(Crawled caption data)
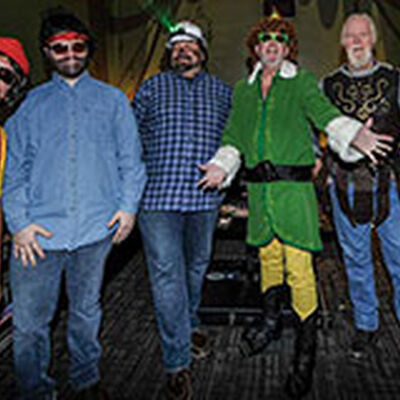 10/31/14 1st Bank Center, Broomfield, CO 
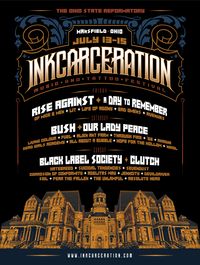 Inkcarceration Festival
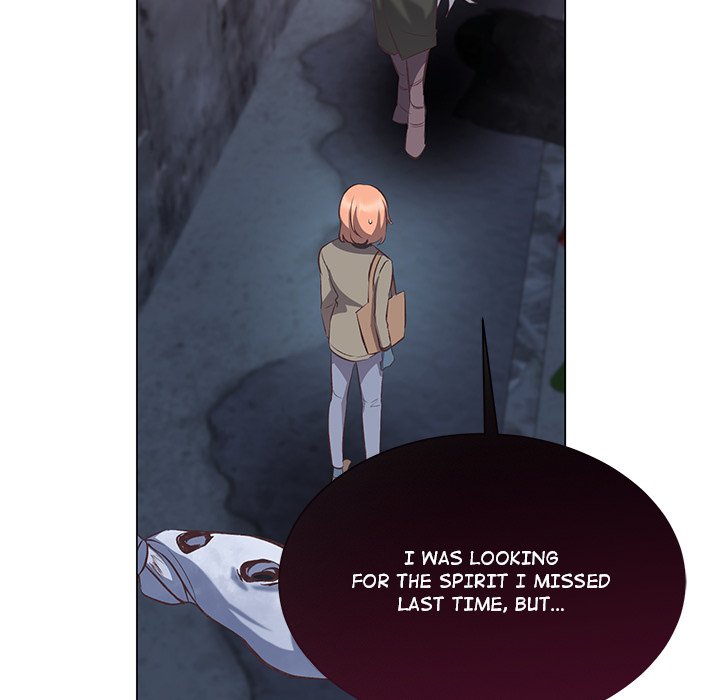 Oddity Office Oddity Office EP 10 - Toomics page 19 - 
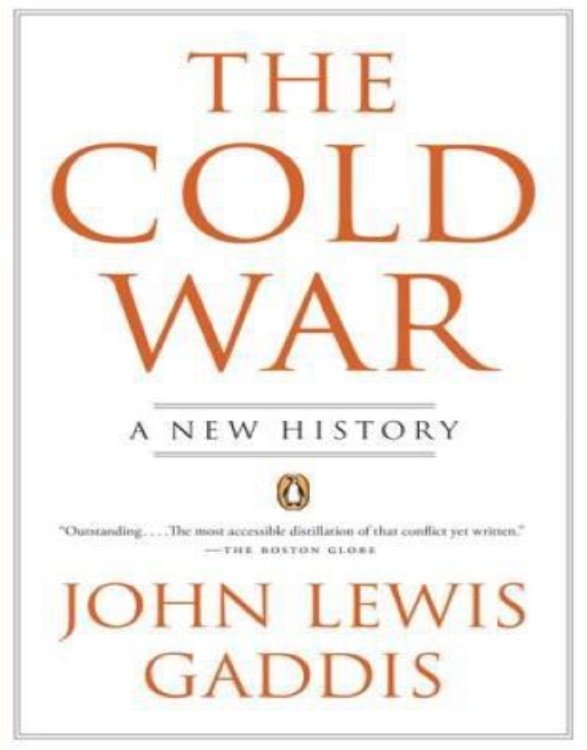 the cold war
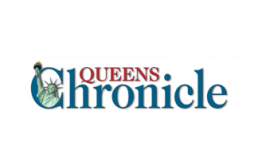 Queens Chronicle Logo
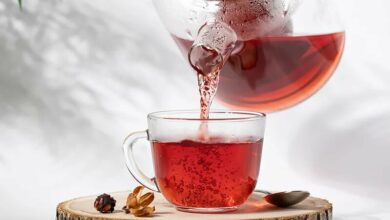 آیا نوشیدن چای داغ باعث سرطان می شود؟ آیا نوشیدن چای داغ باعث سرطان می شود؟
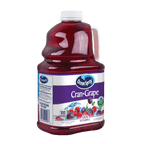 Ocean Spray Cranberry Grape Juice Drink, 101.4 fl oz EasyOptionXY LLC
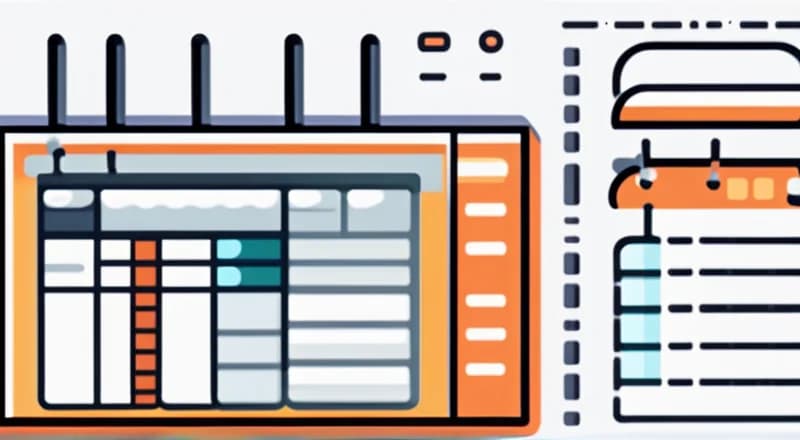 如何正确设置和使用进销存月结账公式？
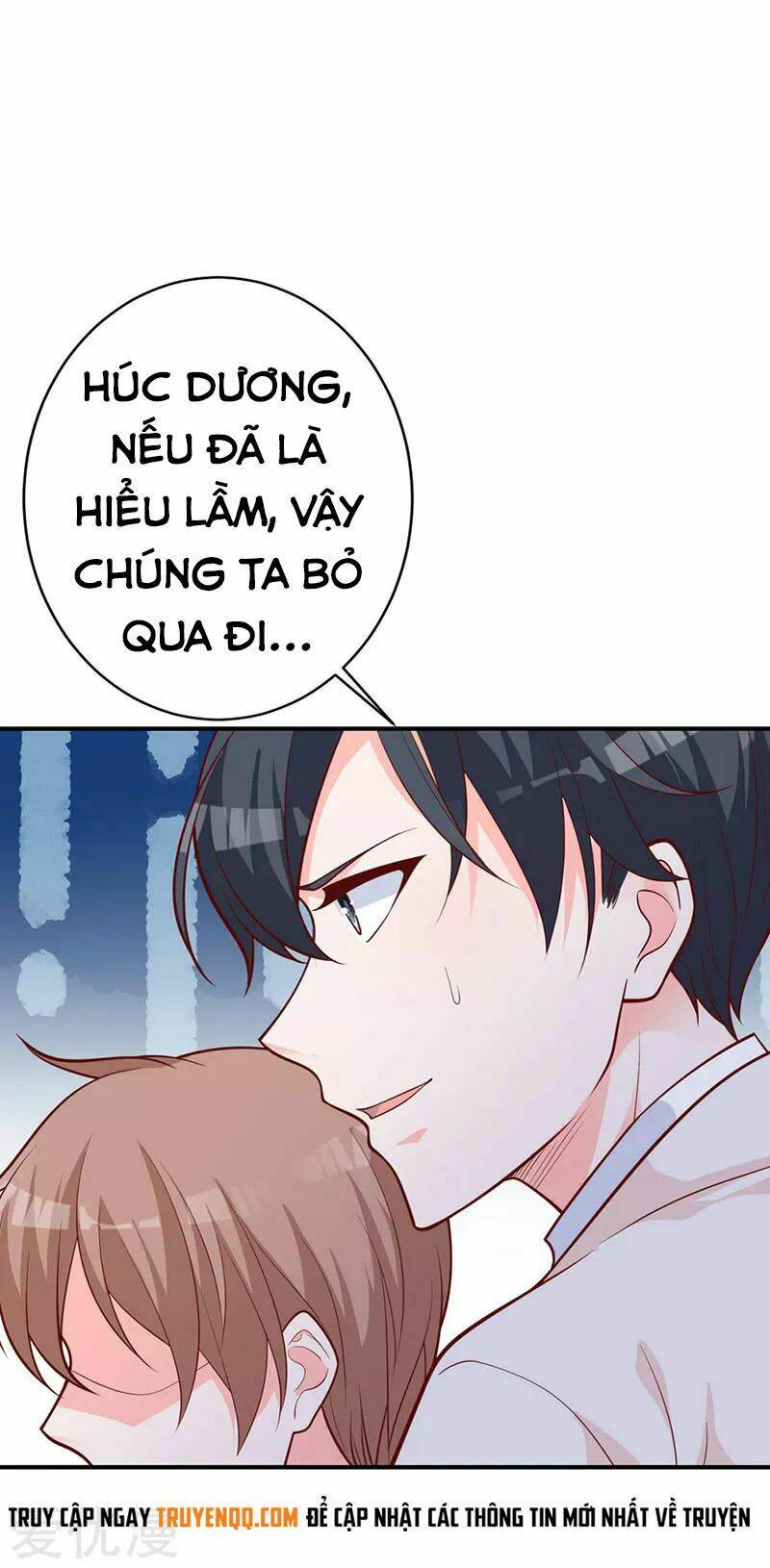 Bạn Gái Scandal Của Quý Thiếu Chương 16 Ảnh 17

=== Exercise directions ===
Leave the pictures out, then output exactly the lines from the "آیا نوشیدن چای داغ باعث سرطان می شود؟ آیا" line through the end of the records above, and no others.

=== The answer ===
 آیا نوشیدن چای داغ باعث سرطان می شود؟ آیا نوشیدن چای داغ باعث سرطان می شود؟
 Ocean Spray Cranberry Grape Juice Drink, 101.4 fl oz EasyOptionXY LLC
 如何正确设置和使用进销存月结账公式？
 Bạn Gái Scandal Của Quý Thiếu Chương 16 Ảnh 17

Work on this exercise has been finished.